Zach Sugano picture Zach Sugano · Oct 23, 2015 · Viewed 68.8k times · Source

I would like to block all connections to my server that use a VPN or Proxy. Is there anyway to detect that a VPN or proxy connection is being used? If not, is there anyway that I can check the likelihood that a VPN or proxy is being used? Lastly, is there anything that I can query or prompt the user with to check if they are using a VPN or Proxy so that if anyone does get through, I can try and perform additional verification? I do not need any information from the user such as location, true IP, or anything like that. I just want to entirely bar connections from VPNs or Proxies.

Edit: I've been thinking that I could potentially run a test to see if there is consistent discrepancies between ping to the VPN IP and the detectable latency of the client, but that sounds pretty unreliable.

Edit2: A proxy or VPN server would likely have many more ports open than a standard home connection so I could use the number of ports open to help gauge the likelihood of a connection coming from a VPN by running a port scan of the person connecting.

Answer

Laszlo Valko picture Laszlo Valko · Oct 31, 2015

Unfortunately, there's is no proper technical way to get the information you want. You might invent some tests, but those will have a very low correlation with the reality. So either you'll not catch those you want, or you'll have a larger number of false positives. Neither can be considered to make sense.

Generating any kind of traffic backwards from an Internet server in response to an incoming client (a port scan, or even a simple ping) is generally frowned upon. Or, in the case of a port scan, it may be even worse for you, eg when the client lives behind a central corporate firewall, the worst of which is when the client comes from behind the central government network firewall pool...

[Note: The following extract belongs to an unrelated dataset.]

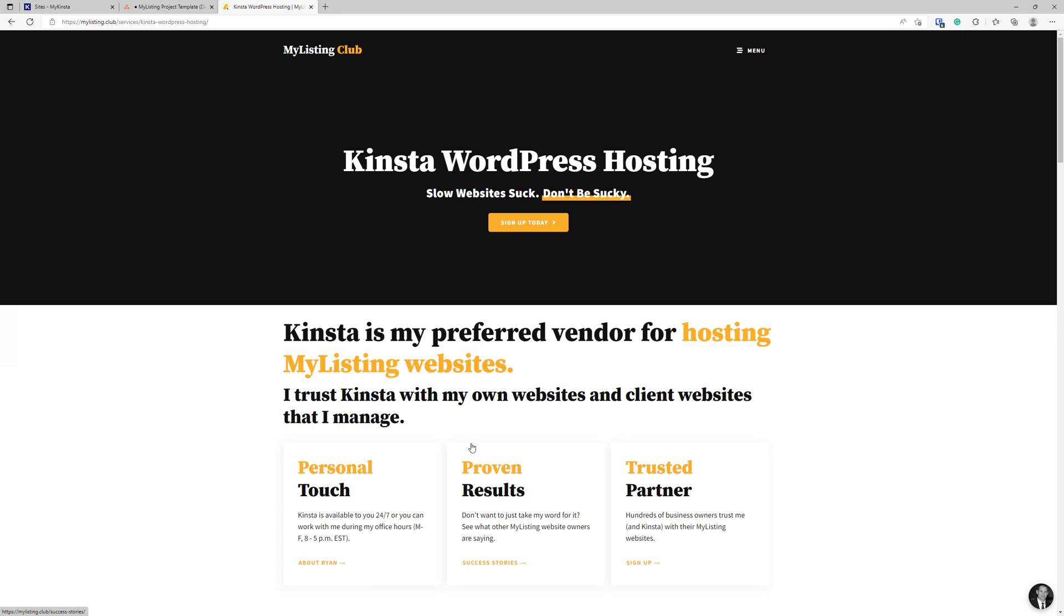I'll also point out that this Kinsta hosting is included in the care plan. A lot of care plan maintenance companies don't include hosting, it's just service time. The price point of my care plan, which includes this Kinsta hosting, in my opinion makes it a no brainer. It allows me to look after your websites so you can focus on your business.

Frankly, IP-based bans (or actually, any kind of limiting focusing on people who do not exclusively possess their public IP address: proxy servers, VPNs, NAT devices, etc) have been unrealistic for a long time, and as the IPv4 pools have been getting depleted in many parts of the world, ISPs are putting more and more clients behind large NAT pools (it's this week's news in my country that the largest ISP, a subsidiary of Deutsche Telekom, has started handing out private IPv4 addresses as a standard way of business to its customers, and people have to ask the provider explicitly to get a public IP address), so there's even less and less point in doing so. If you want to ban clients, you should ban them based on identity (account), and not based on IP address.